» ASSIGNMENT:
Output the data below exactly as it is, dropping the pictures from your copy.

(Data items)
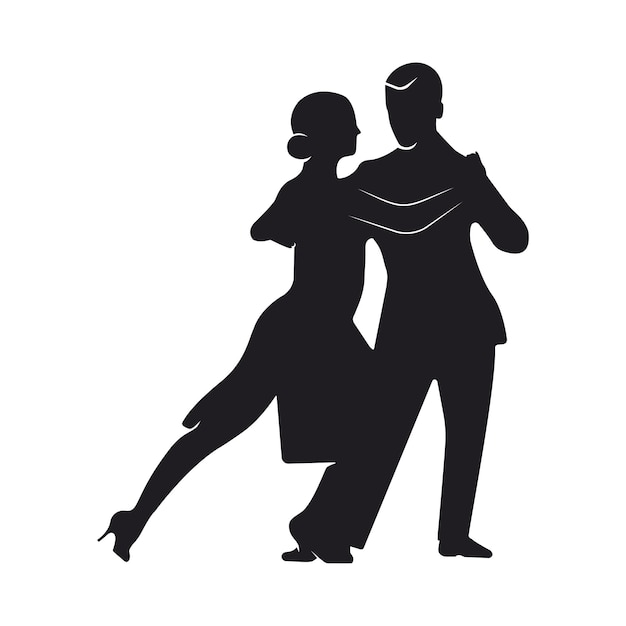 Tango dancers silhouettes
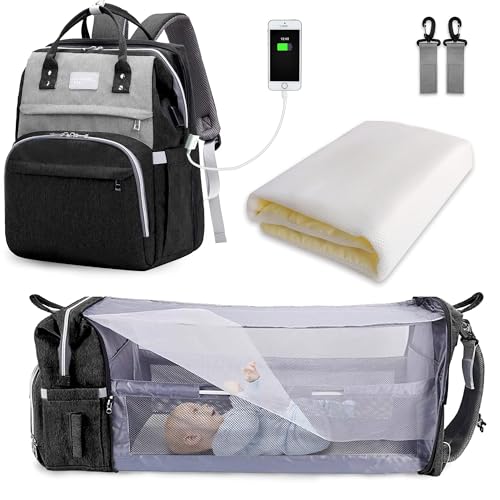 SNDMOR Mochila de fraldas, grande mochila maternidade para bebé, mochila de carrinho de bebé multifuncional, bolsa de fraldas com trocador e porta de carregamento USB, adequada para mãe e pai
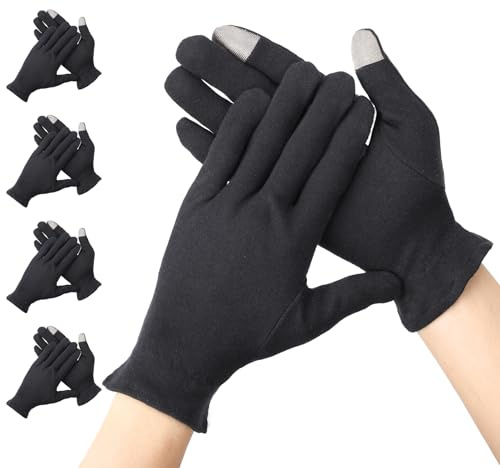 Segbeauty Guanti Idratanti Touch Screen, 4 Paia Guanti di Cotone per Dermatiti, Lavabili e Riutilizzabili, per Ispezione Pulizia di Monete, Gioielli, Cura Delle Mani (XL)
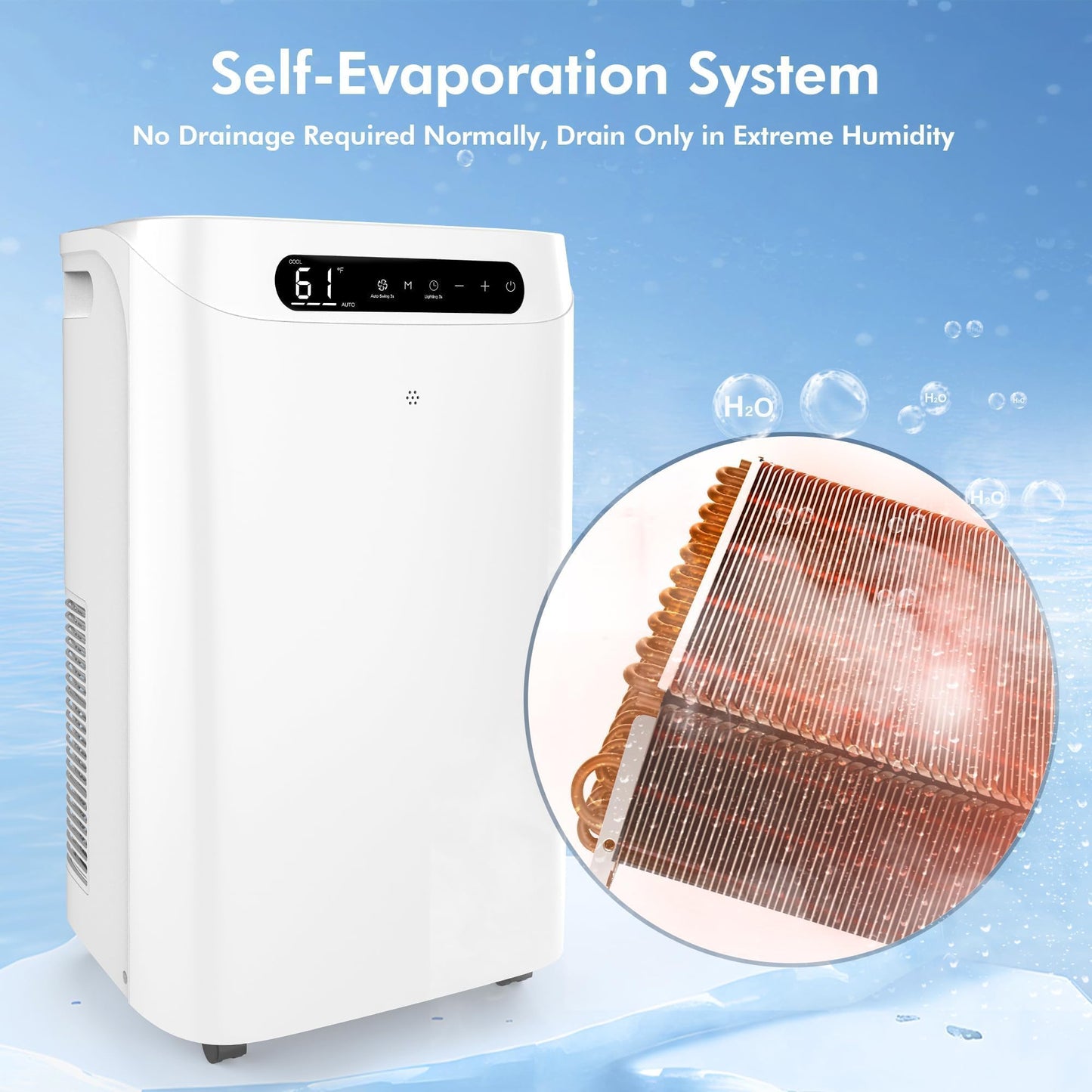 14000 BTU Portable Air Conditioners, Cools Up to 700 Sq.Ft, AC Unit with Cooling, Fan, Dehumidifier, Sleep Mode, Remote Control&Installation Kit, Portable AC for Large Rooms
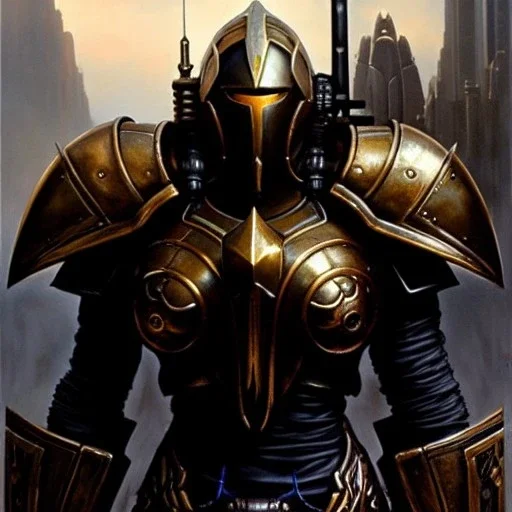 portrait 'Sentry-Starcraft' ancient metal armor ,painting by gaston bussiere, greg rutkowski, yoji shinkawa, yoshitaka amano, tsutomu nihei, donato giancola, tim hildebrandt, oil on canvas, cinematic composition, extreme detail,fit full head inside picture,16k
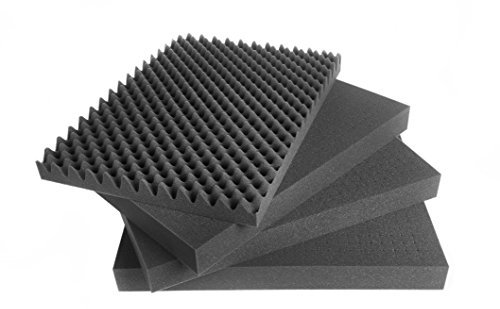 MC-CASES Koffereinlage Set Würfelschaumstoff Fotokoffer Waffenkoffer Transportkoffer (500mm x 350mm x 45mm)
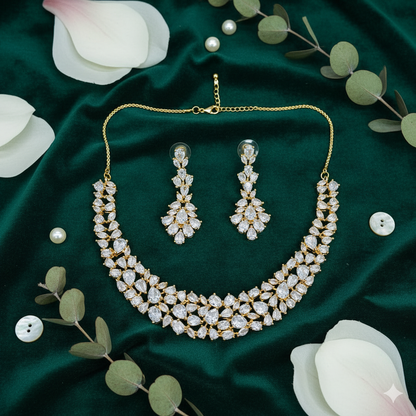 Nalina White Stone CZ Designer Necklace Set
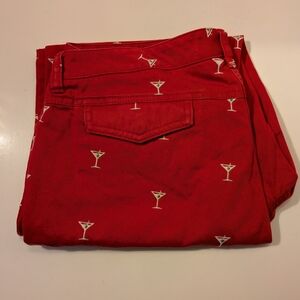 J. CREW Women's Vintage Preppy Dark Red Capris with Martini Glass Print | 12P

» RESULT OF THIS TASK:
 Tango dancers silhouettes
 SNDMOR Mochila de fraldas, grande mochila maternidade para bebé, mochila de carrinho de bebé multifuncional, bolsa de fraldas com trocador e porta de carregamento USB, adequada para mãe e pai
 Segbeauty Guanti Idratanti Touch Screen, 4 Paia Guanti di Cotone per Dermatiti, Lavabili e Riutilizzabili, per Ispezione Pulizia di Monete, Gioielli, Cura Delle Mani (XL)
 14000 BTU Portable Air Conditioners, Cools Up to 700 Sq.Ft, AC Unit with Cooling, Fan, Dehumidifier, Sleep Mode, Remote Control&Installation Kit, Portable AC for Large Rooms
 portrait 'Sentry-Starcraft' ancient metal armor ,painting by gaston bussiere, greg rutkowski, yoji shinkawa, yoshitaka amano, tsutomu nihei, donato giancola, tim hildebrandt, oil on canvas, cinematic composition, extreme detail,fit full head inside picture,16k
 MC-CASES Koffereinlage Set Würfelschaumstoff Fotokoffer Waffenkoffer Transportkoffer (500mm x 350mm x 45mm)
 Nalina White Stone CZ Designer Necklace Set
 J. CREW Women's Vintage Preppy Dark Red Capris with Martini Glass Print | 12P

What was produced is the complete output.